Simply put, a service points to pods. It is a component in Kubernetes just like a pod but its not a process. It is just an abstraction layer that basically represents an IP Address. There are following types of services -

ClusterIP

This is the default type. A service of type ClusterIP is accessible only within the cluster. We could use this type of service for a database pod which should only be accessed by internal applications and not outside world.

NodePort

A service of type NodePort will expose a port on every worker nodes to the external traffic; meaning the outside world can access worker nodes on that port. The port is specified by nodePort attribute in the configuration file. The value of nodePort should be in the range 30000-32767. Anything outside this range is not allowed. NodePort is not secured and should be used only for development purpose.

LoadBalancer

For public cloud providers like GCP, AWS a service of type LoadBalancer is accessible only through the load balancer of cloud providers. External traffic must first come to the cloud providers' load balancer and after firewall rules and other logic, the load balancer will route the traffic to this service.

ExternalName

ExternalName services are similar to other Kubernetes services; however, instead of being accessed via a clusterIP address, it returns a CNAME record with a value that is defined in the externalName: parameter when creating the service.

Headless

A service points to a group of pods called replicas.
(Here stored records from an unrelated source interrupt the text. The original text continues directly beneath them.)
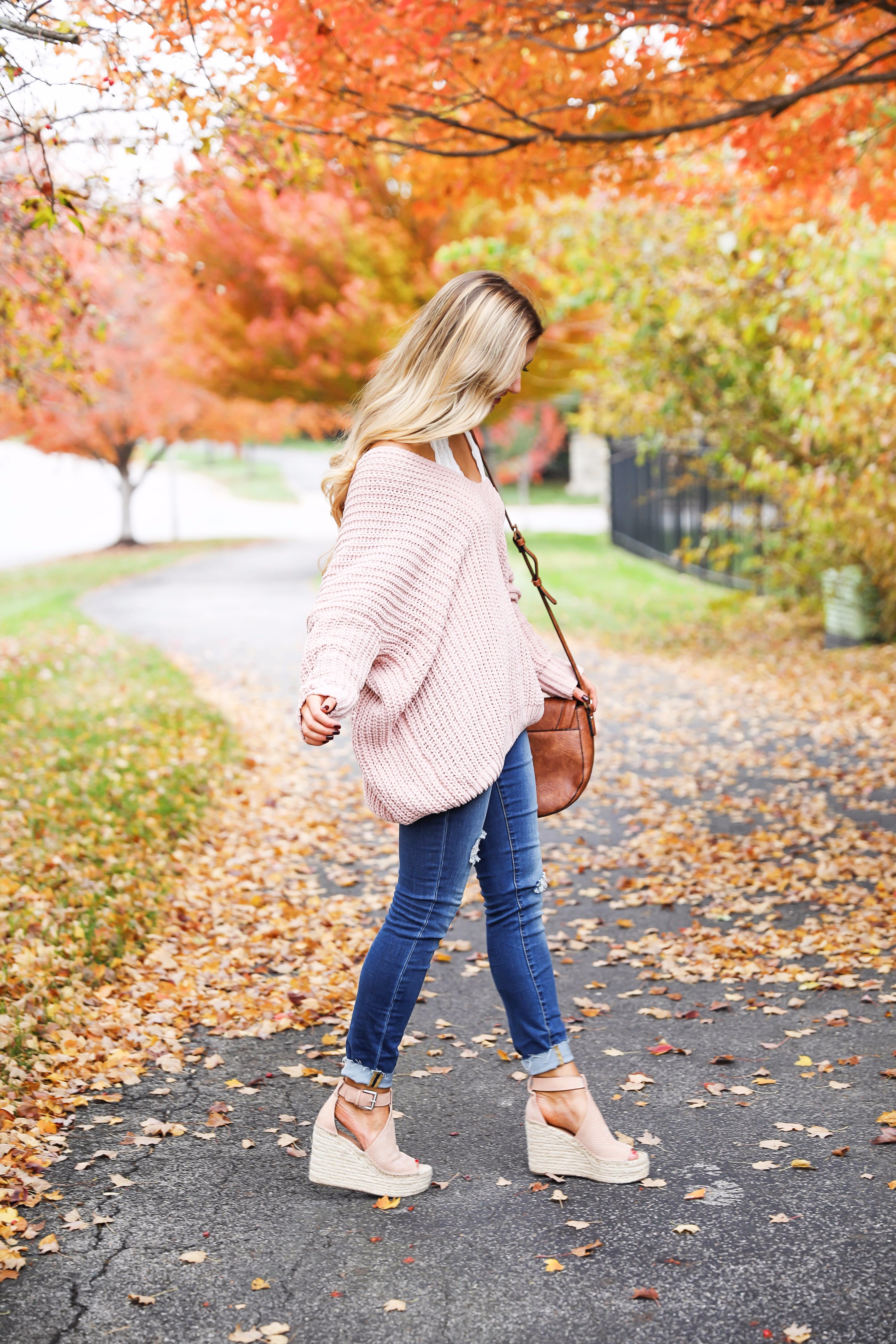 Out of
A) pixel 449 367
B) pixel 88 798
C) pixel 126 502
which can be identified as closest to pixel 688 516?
pixel 88 798

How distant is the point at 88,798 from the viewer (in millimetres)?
6477

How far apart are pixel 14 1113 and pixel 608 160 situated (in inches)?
204

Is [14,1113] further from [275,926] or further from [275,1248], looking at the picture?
[275,926]

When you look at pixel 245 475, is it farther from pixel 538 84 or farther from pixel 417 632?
pixel 417 632

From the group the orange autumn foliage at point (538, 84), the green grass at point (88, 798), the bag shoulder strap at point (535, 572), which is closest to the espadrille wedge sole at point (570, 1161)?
the bag shoulder strap at point (535, 572)

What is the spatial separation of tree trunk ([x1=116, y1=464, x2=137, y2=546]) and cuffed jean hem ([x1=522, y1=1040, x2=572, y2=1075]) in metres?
25.4

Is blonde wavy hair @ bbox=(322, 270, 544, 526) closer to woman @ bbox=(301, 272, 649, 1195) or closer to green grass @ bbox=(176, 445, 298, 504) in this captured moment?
woman @ bbox=(301, 272, 649, 1195)

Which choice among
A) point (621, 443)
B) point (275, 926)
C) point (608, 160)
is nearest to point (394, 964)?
point (275, 926)

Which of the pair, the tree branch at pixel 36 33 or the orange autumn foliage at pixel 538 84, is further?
the orange autumn foliage at pixel 538 84

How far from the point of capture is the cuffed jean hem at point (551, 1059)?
9.80 feet

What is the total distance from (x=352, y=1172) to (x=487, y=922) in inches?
26.4

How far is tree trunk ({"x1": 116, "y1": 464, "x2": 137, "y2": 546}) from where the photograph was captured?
90.4ft

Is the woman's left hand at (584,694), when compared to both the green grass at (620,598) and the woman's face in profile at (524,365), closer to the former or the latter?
the woman's face in profile at (524,365)

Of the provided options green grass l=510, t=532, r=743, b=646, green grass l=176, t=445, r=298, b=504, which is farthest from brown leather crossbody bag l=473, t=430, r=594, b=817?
green grass l=176, t=445, r=298, b=504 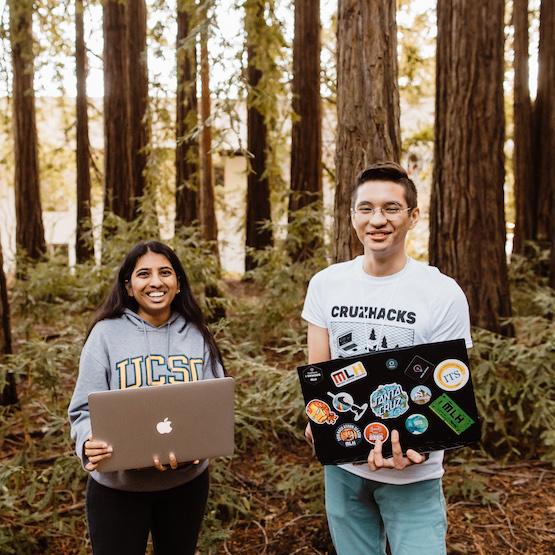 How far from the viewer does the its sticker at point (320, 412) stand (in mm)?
2482

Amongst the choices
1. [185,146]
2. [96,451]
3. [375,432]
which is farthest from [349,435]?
[185,146]

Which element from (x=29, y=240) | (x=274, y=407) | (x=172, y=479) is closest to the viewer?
(x=172, y=479)

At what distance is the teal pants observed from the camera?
2.52m

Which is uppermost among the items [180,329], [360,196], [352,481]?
[360,196]

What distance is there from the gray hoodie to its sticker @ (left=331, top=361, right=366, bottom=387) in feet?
2.14

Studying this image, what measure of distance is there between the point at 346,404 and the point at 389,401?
0.16m

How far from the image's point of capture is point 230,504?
4.43 m

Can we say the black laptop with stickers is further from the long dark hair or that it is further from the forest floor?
the forest floor

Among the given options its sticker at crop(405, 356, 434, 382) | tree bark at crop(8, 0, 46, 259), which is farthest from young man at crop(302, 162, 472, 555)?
tree bark at crop(8, 0, 46, 259)

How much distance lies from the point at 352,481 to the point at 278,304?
5.67 m

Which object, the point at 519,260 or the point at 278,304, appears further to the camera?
the point at 519,260

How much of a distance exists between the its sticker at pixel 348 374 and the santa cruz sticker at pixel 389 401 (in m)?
0.09

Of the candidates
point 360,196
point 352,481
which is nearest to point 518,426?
point 352,481

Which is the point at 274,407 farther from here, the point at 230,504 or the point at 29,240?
the point at 29,240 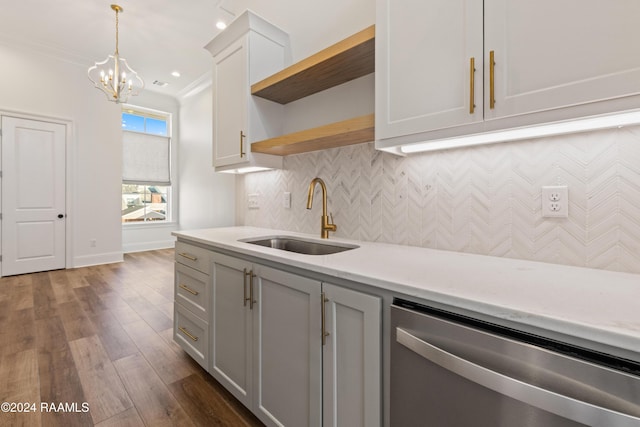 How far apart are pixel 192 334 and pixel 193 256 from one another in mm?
529

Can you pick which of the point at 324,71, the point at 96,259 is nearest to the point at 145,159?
the point at 96,259

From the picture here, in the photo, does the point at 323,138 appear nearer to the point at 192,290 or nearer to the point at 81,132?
the point at 192,290

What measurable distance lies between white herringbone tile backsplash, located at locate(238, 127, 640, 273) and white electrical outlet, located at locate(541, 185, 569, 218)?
0.8 inches

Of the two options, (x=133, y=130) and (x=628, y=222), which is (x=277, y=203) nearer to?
(x=628, y=222)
Suppose we want to communicate with 1 specific pod like in the case of stateful applications e.g. database where pod replicas are not identical. To achieve this we use headless service. A headless service is defined by setting clusterIP to None in service configuration file. A headless service will return the address of pod which it is pointing to.

Creating a service

A basic configuration file for creating a service will look like this -

apiVersion: v1
kind: Service
metadata:
  name: myapp-service
  labels:
    app: myapp-service
spec:
  selector:
    app: myapp
  ports:
  - port: 80
    targetPort: 6000
  type: ClusterIP

All the pods that match the key value pair provided by spec.selector are part of the service. Service will map the incoming request on port 80 to the port 6000 on the pod. This is specified by spec.ports.port and spec.ports.targetPort respectively.